L1 shutdown hook should transistion client into a “synchronous” mode (instead of shutting down)

Type: New Feature
Status: Open
Priority: 2 Major
Resolution:
Component/s:
Labels:

Assignee: nmahor
Reporter: teck
Created: June 16, 2010
Votes: 0
Watchers: 5
Updated:
September 23, 2013
Resolved:

Description

I’ve seen a handful of VM shutdown related problems as of late. CDV-1483 is the latest one but we’ve had reports of this behavior forever.

The basic problem is that the L1 (in both express or custom) registers a VM shutdown hook that makes sure the transaction buffer is flushed before the L1 VM exits. That is a good and necessary thing but the bad thing is that the client is also shut down at the same time. That means that any other use of a clustered object will hang forever, likely preventing the VM from ever exiting.

Perhaps we can make our shutdown a little smarter and kill the issue forever by changing our shutdown behavior to instead just flush the current txns and place the client in a mode where all new txns are promoted to “synch write” like semantics. If we can do that we don’t need to actually stop the client in the shutdown hook.

Comments

Fiona OShea 2010-06-22

When do you want to do this?
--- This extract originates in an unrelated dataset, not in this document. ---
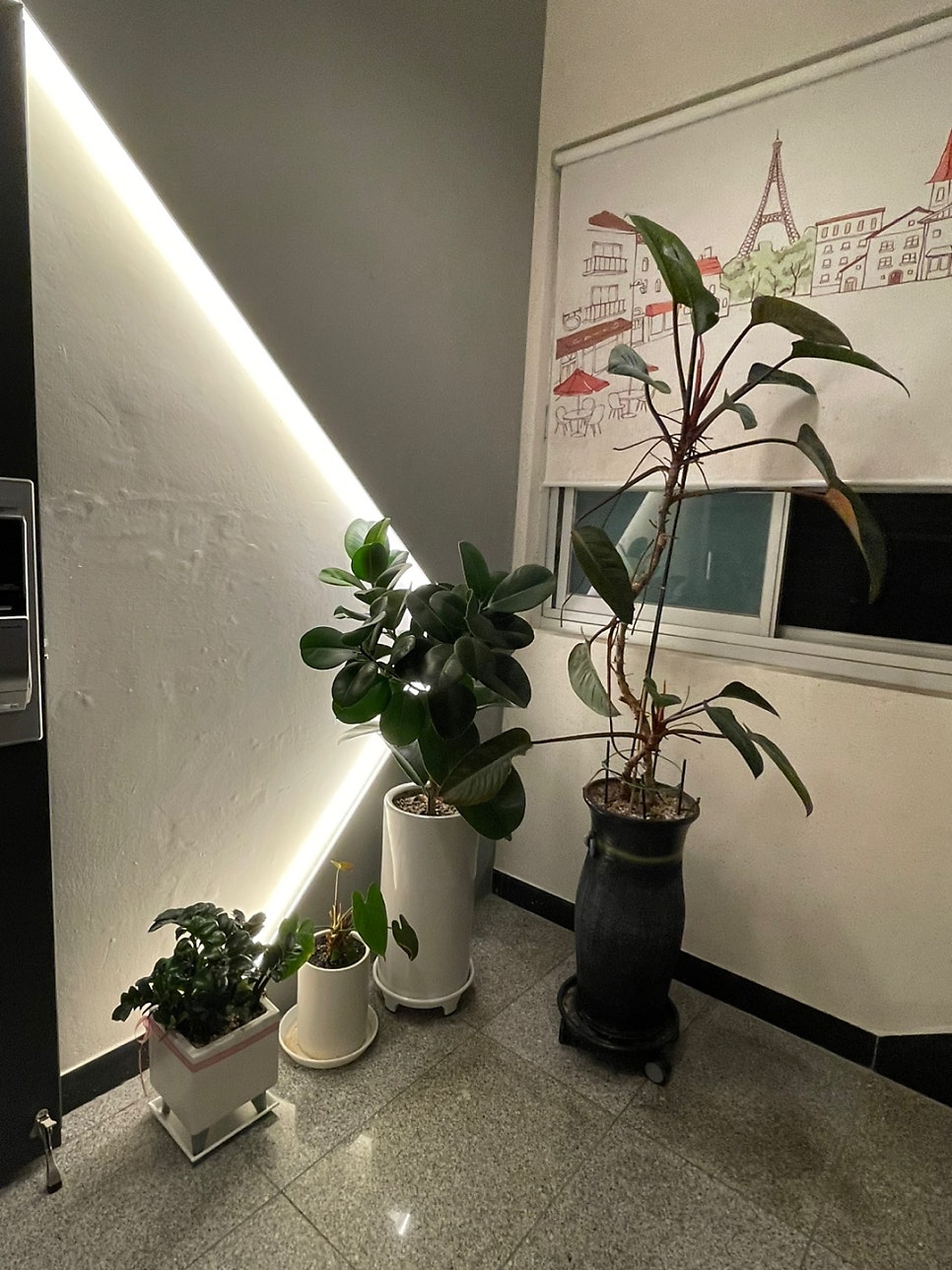 앙뜰 사진 6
Soon, like next release? or later

Tim Eck 2010-06-22

Seems like a reasonable thing to try for in the next release. I’ll put in there for now

Tim Eck 2012-10-23

if you guys think this is still a reasonable thing to do then stick in a target someplace or close it

Saravanan Subbiah 2012-10-23

I do believe we shouldnt prevent VMs from exiting because someone is making mutations concurrently, but I dont think sync write is the answer. Once we identify that the VM is shutting down we should go into a mode where further operations are not possible and any pending transactions should be sent to the server and waited for an ack.

I think with the new toolkit it might be easier to prevent changes after or during shutdown, so we can take a look and see what it takes to do that.
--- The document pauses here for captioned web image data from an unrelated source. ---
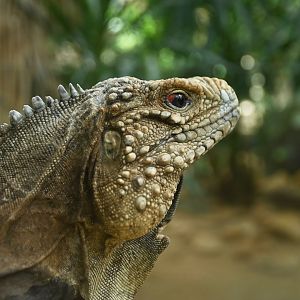 Cuban iguana Cyclura nubila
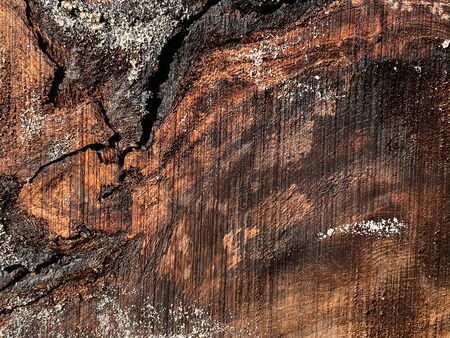 Natural wood, wood cut, aged wood, cracks from time and weather. Brown background, wood texture. Place for printing.の写真素材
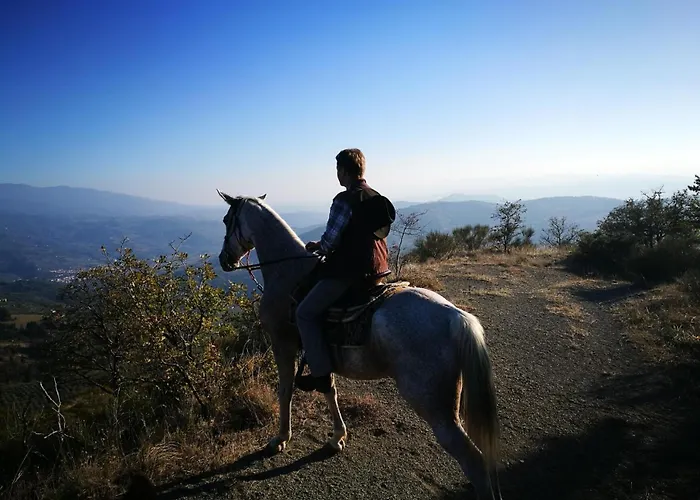 Apartmanhotel Il Giardino Pontassieve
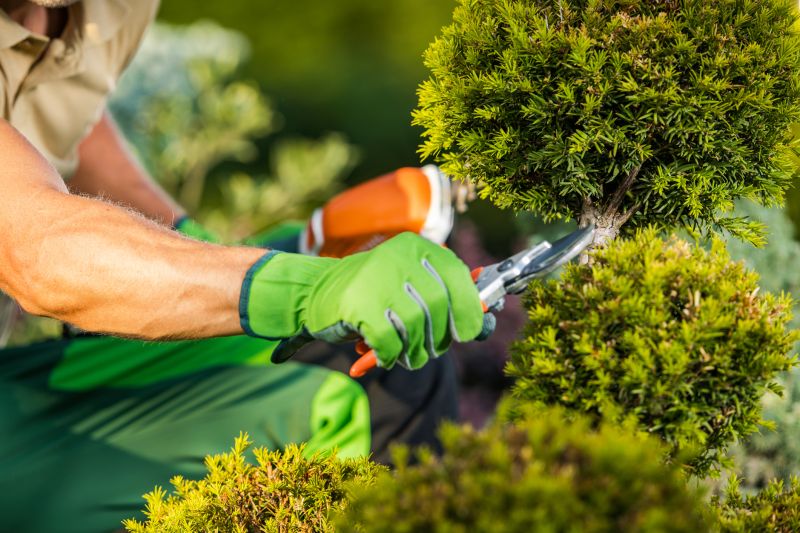 Garden Maintenance Services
Abhishek Maheshwari 2013-04-18

I checked the code, today from client VM is going down we do the following through shutdown hook (ClientShutdownManager.execute)

shutdown rejoin manager
execute all runnable registered as before shudown hook
shutdown all L1 managers (lockMgr, clientMgr, remoteTxnMgr etc)
execute RemoteTxnMgr.stop() - which flushed to L2
close the channel

When we are coming from shutdown hook, we do not call client.shutdown(). Our all manager will throw TCNotRunningExp once shutdown() is executed. I dont think our threads are waiting in any manager as per the code today.

@TimE - do we have any reproducible case for this? how do i reproduce it?

Tim Eck 2013-06-25

Sorry, coming back to this one pretty late. I don’t have a test case on hand, but the general test case is an app that has a VM level shutdown hook and that hook tries to interact with a clustered data structure (like a toolkit cache for example).
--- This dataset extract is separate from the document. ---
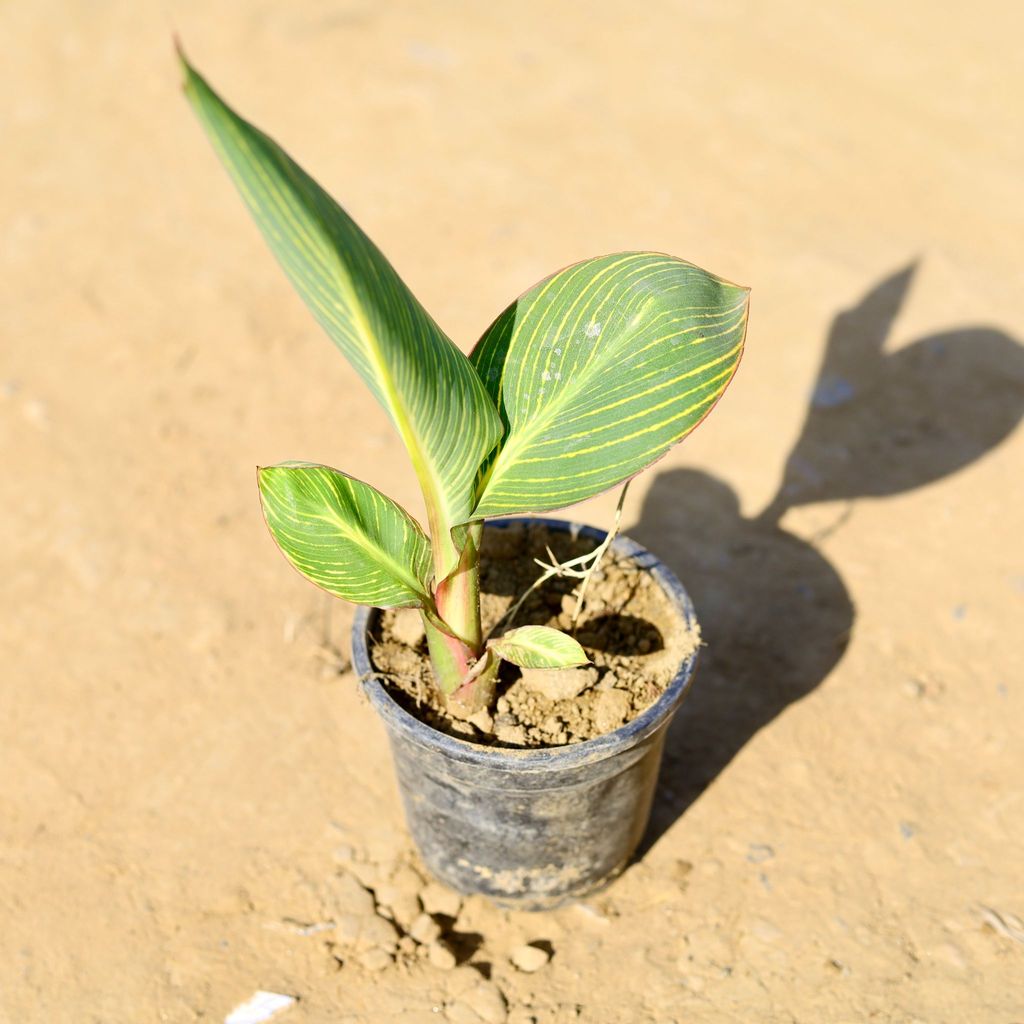 Canna Lily (any colour) in 4 Inch Nursery Pot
Provided the app shutdown hook gets exceptions in this case I think this is maybe okay. Previously we would have user shutdown hooks blocked into terracotta calls which would indefinitely block the use shutdown hook (which has the further effect of preventing the VM from exiting).

A new test case couldn’t hurt if nothing along those lines exists

Abhishek Maheshwari 2013-09-05

This is all fixed but we need to add a test case for it. Let discuss it and add it.

Fiona OShea 2013-09-05

Where is the fix? Trunk? 4.1? thanks

Abhishek Maheshwari 2013-09-05

while working on toolkit 2.0 we fixed it on L1 managers code. It would be available in 4.0.x, 4.1.x and trunk.